Activity — Starting at the line that contains "Cozy maroon cocoon cardigan" and stopping after the line that contains "Artsy Khadi Cream Co-ord Set Shirt & Pant", transcribe the listing below exactly; do not include any pictures.

Material shown —
┄┄┄┄┄┄┄┄┄┄

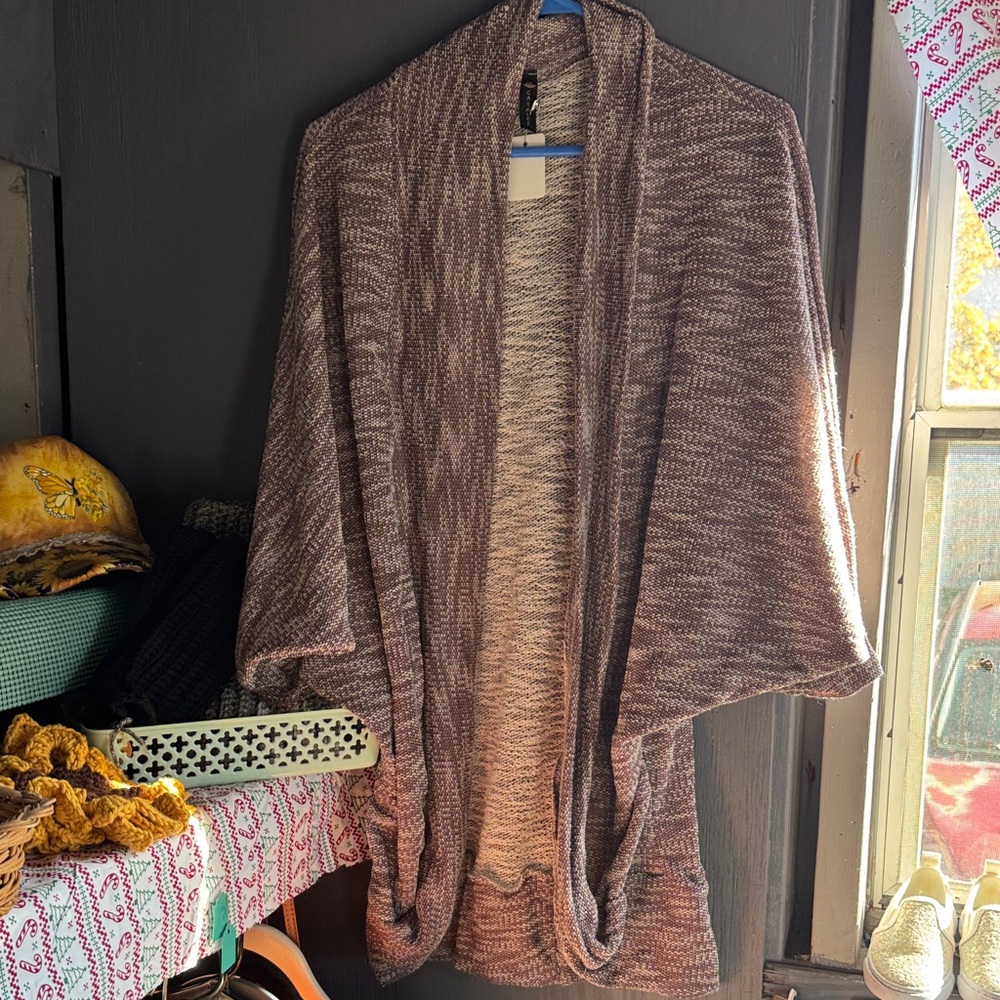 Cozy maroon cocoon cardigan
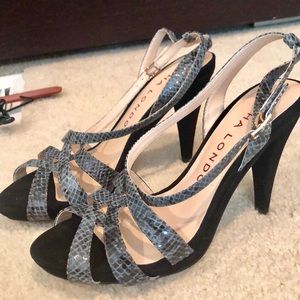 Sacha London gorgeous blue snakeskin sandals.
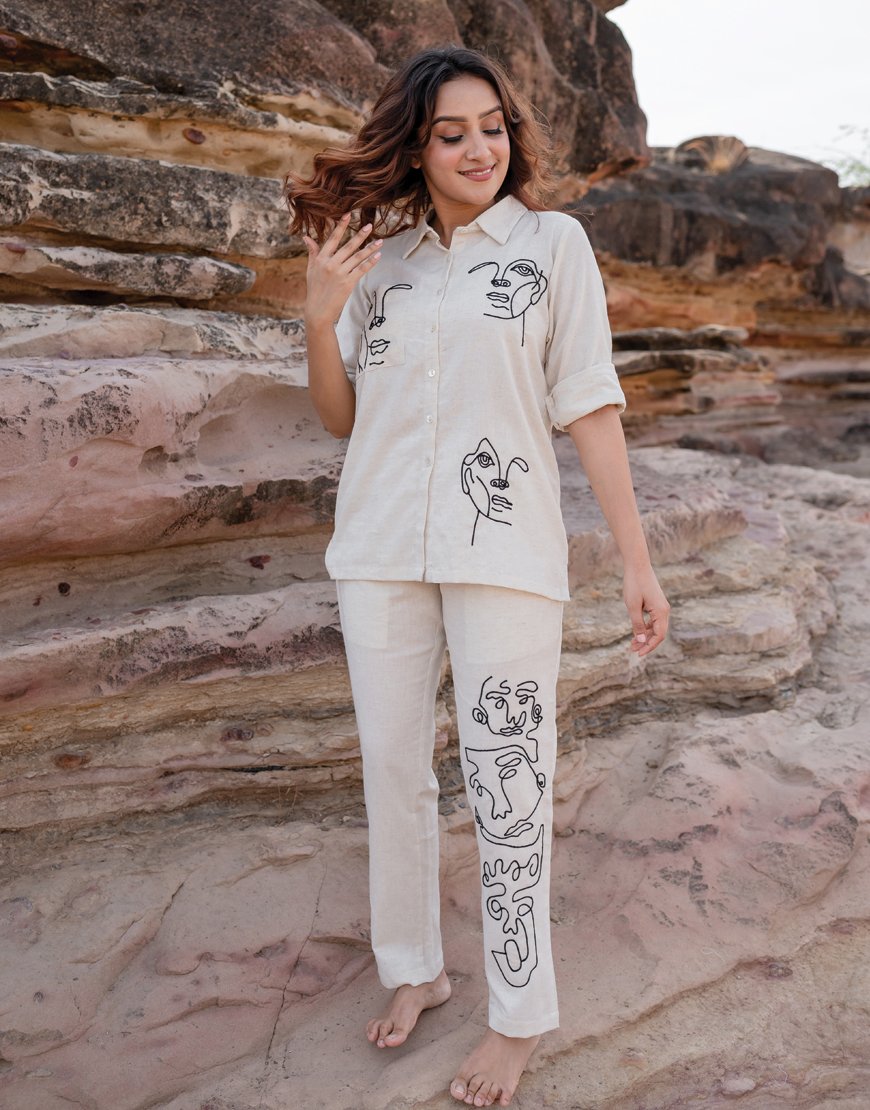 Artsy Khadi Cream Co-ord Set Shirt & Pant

┄┄┄┄┄┄┄┄┄┄

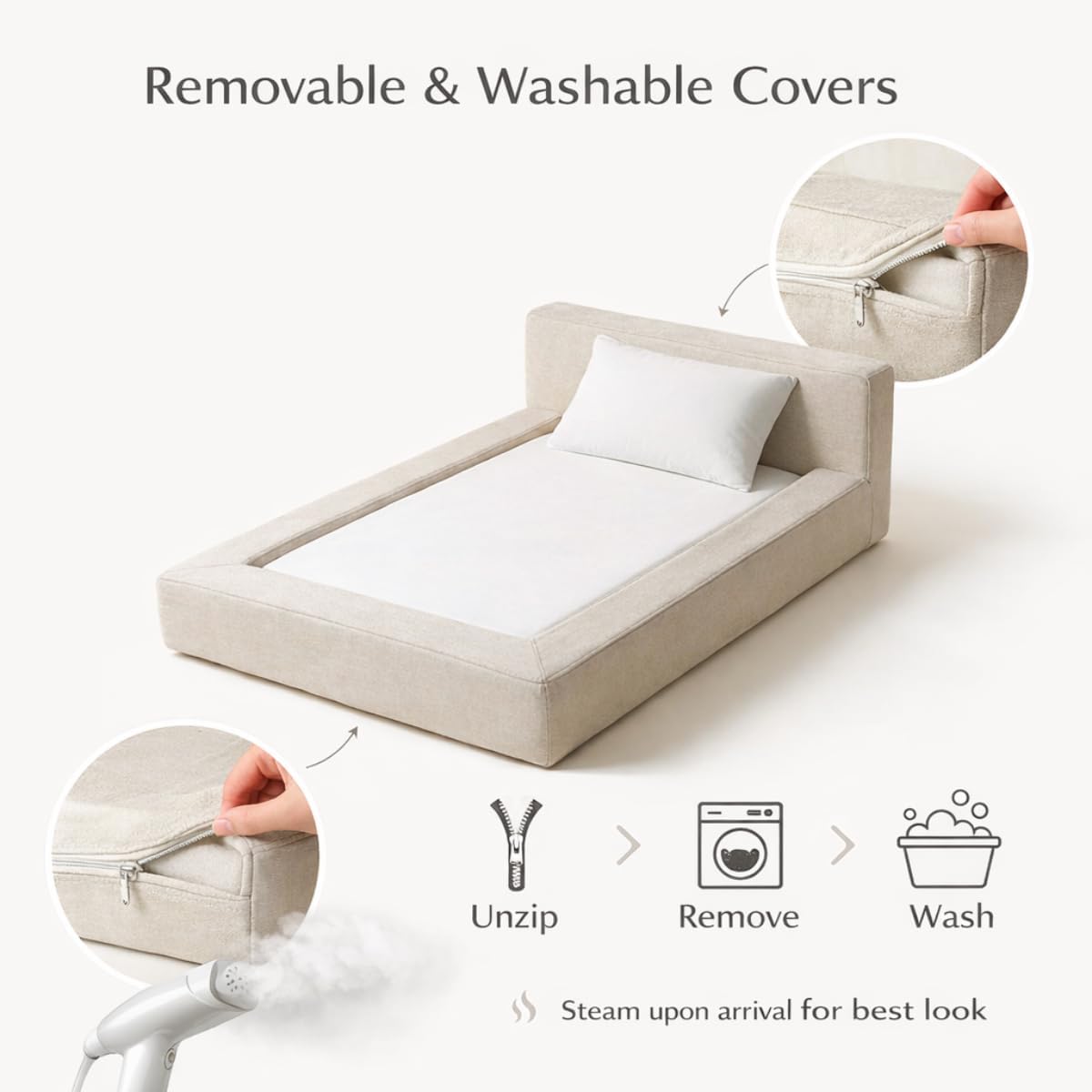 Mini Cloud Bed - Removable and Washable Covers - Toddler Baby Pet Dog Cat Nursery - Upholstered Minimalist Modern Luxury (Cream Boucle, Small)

┄┄┄┄┄┄┄┄┄┄

Answer space —
 Cozy maroon cocoon cardigan
 Sacha London gorgeous blue snakeskin sandals.
 Artsy Khadi Cream Co-ord Set Shirt & Pant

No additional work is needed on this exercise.